Her significant achievement, it would seem, was to be born. It just so happened that her great-grandfather was Conrad Hilton, the founder of Hilton Hotels. With no lack of finances, she became what is known as a celebutante – she was the focus of enough media attention and public interest that she became regarded as a celebrity. I suppose that in itself is an achievement when you consider that Paris became famous before we had social media like we have today but now we see many people using social media in the same way Paris used her wealth. And it has just gone to the next level.

A Chinese University has started offering classes for people who want to become Internet famous. The culture in China is known as ‘wanghong’ or ‘Internet famous’ and to enrol in wanghong classes means you will learn how to dress fashionably; apply makeup; recognise luxury brands and, of course, perform in front of a camera. The wanghong students are easy to spot – they are the ones walking around campus holding a selfie stick seemingly talking to themselves but, of course, they are talking to their ever-growing list of followers hoping to build the numbers to a level that major brands will want to use their channel to market a product. Students are switching from more traditional majors such as accounting and legal studies to a major in wanghong.

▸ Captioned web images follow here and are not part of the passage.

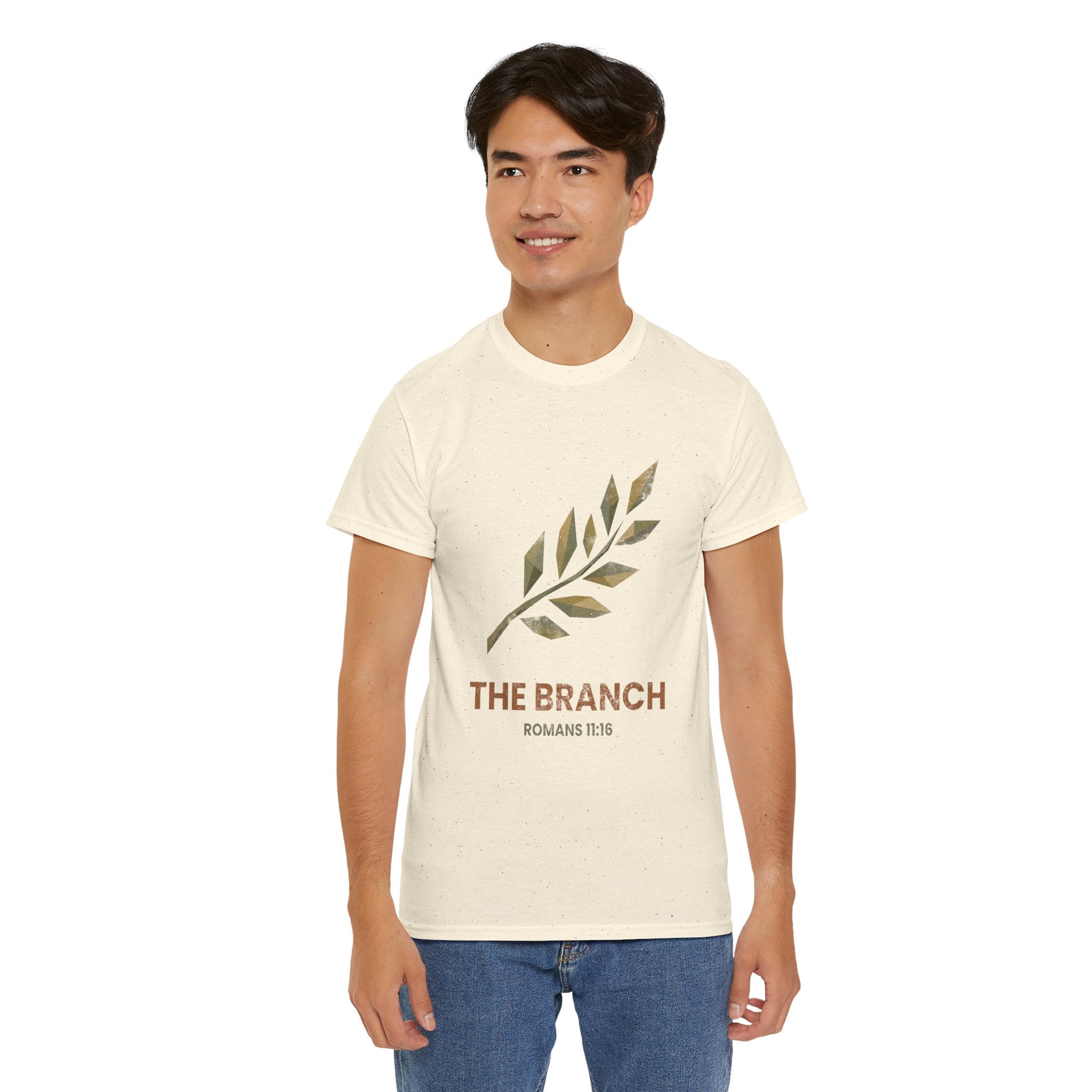 The Branch T‑Shirt – Christian Romans 11:16 - Father's day Tee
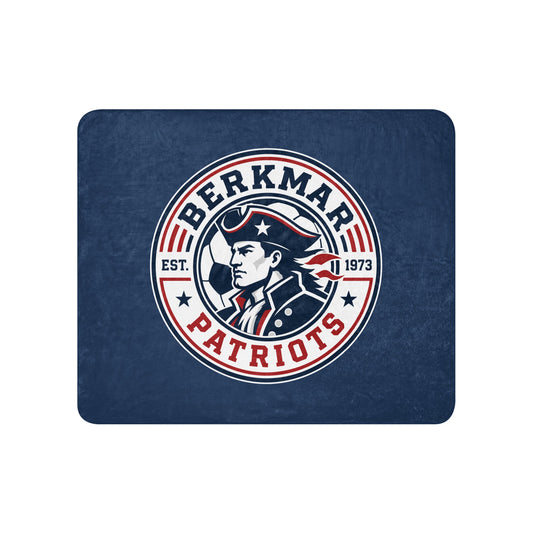 Sherpa Blanket | Berkmar High School Soccer | Badge Logo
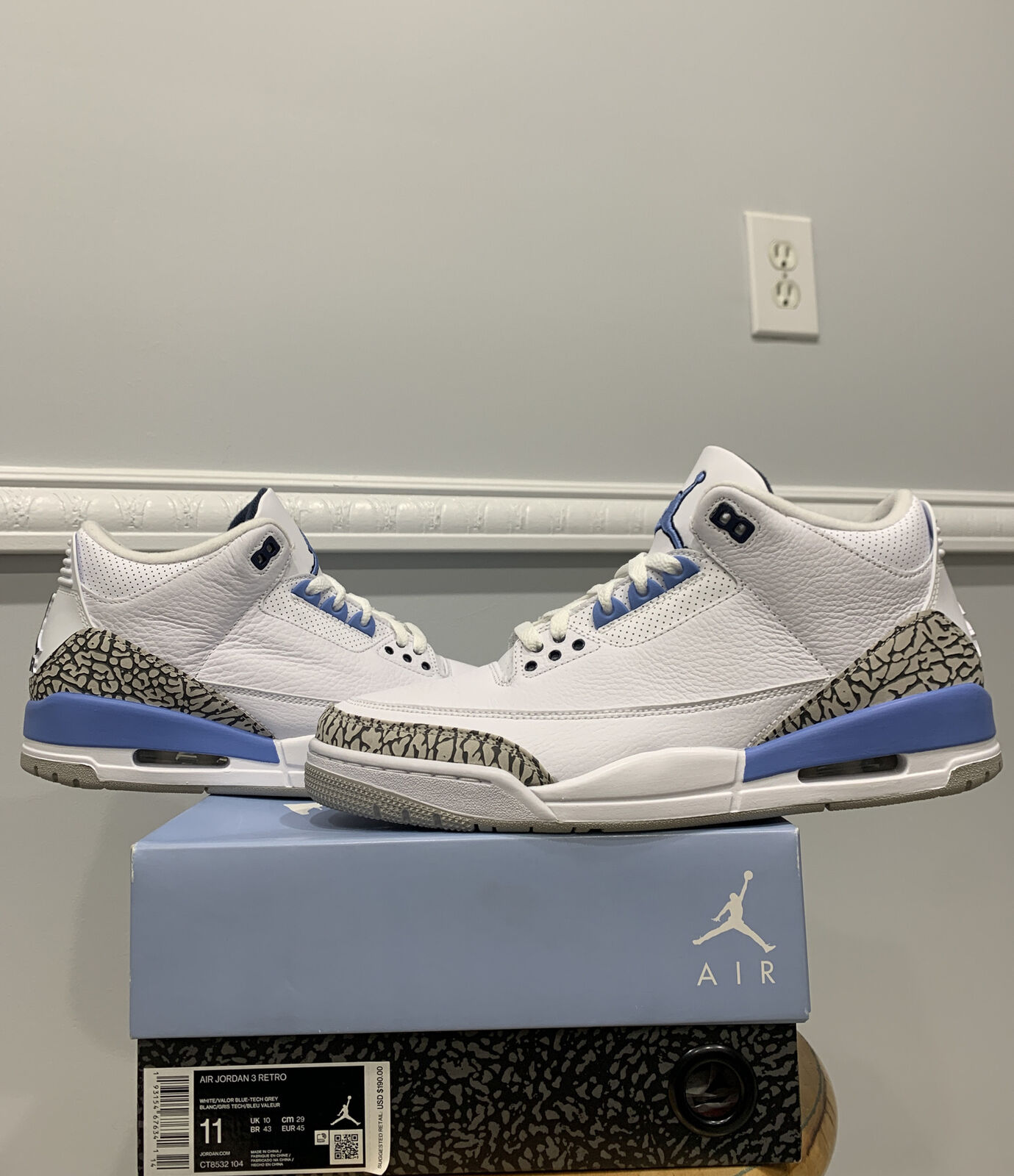 Air Jordan 3 Retro ‘UNC’ photo review
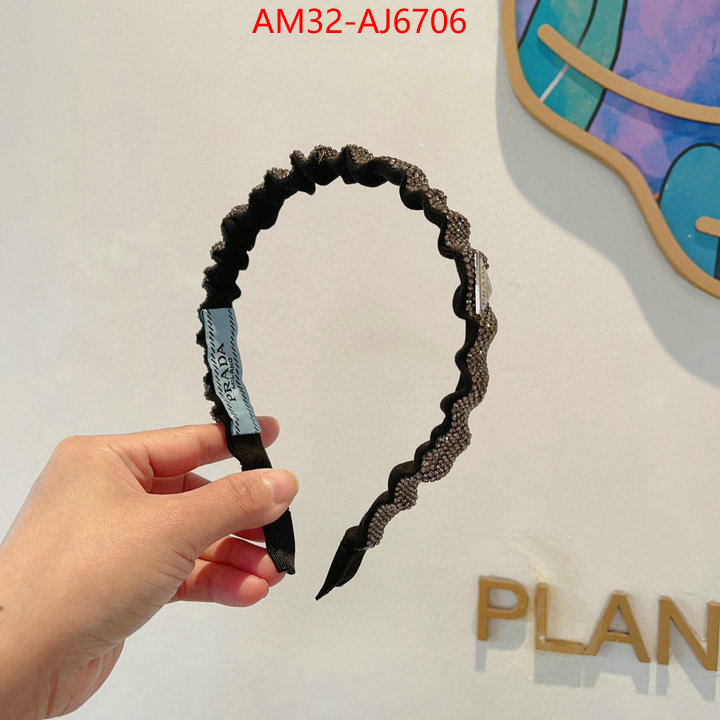 Hair band-Prada copy aaaaa ID: AJ6706 $: 32USD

Even though I am not aware of anywhere else in the world offering University classes in how to become famous via the Internet, the activity is occurring everywhere you turn. There was the incident this week when an Algerian man held his baby over a balcony and posted the picture with the threat “1,000 likes or I’ll drop him” hoping that his radical approach would make him famous. It achieved part of his outcome – he is now known as the man who was arrested for endangering his child.

The most subscribed YouTube channel in the world is a simple channel called PewDiePie which features Swede Felix Kjellberg playing video games and commenting as he plays. He is not a world champion gamer and doesn’t offer super hidden secrets in his games. He just plays and comments. It doesn’t sound like much but 55 million subscribers converts into a multi-million dollar monthly income just for playing video games. It makes it sound a bit hollow when I tell my teenage son to stop playing video games and do some real study!

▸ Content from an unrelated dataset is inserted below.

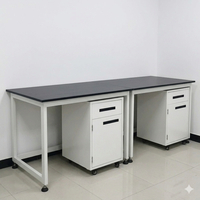 Table de travail robuste à structure en acier pour clinique moderne, banc de laboratoire à cadre en acier
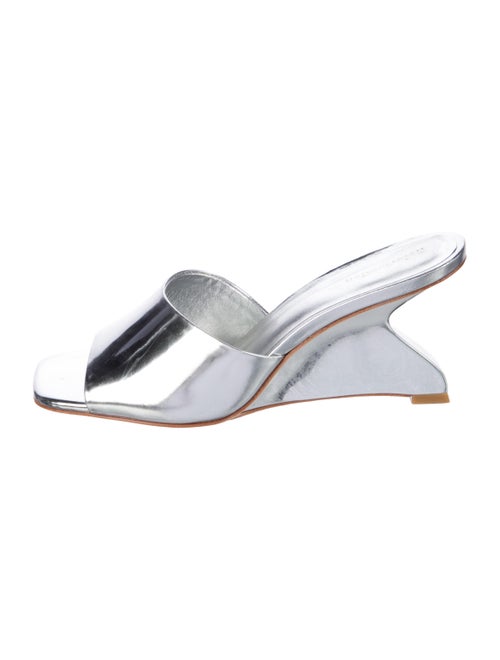 Reformation Patent Leather Slides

This is just scratching the surface. Daniel Middleton has 14.9 million subscribers who watch him review video games. Roman Atwood has 12.6 million subscribers who watch him post updates about his daily life. The list goes on. Forget about finding your talent and working hard for years to succeed using your talent – just start a YouTube channel! I suppose that in itself is a talent. I will be interested to see how long before Universities in Australia start offering the equivalent of wanghong courses.

App of the Week is Meditapes. You can use this app to create your own relaxing sounds to improve sleep and stay calm (or so it is claimed). After Wednesday night’s performance, I think the NSW State of Origin team used Meditapes at halftime!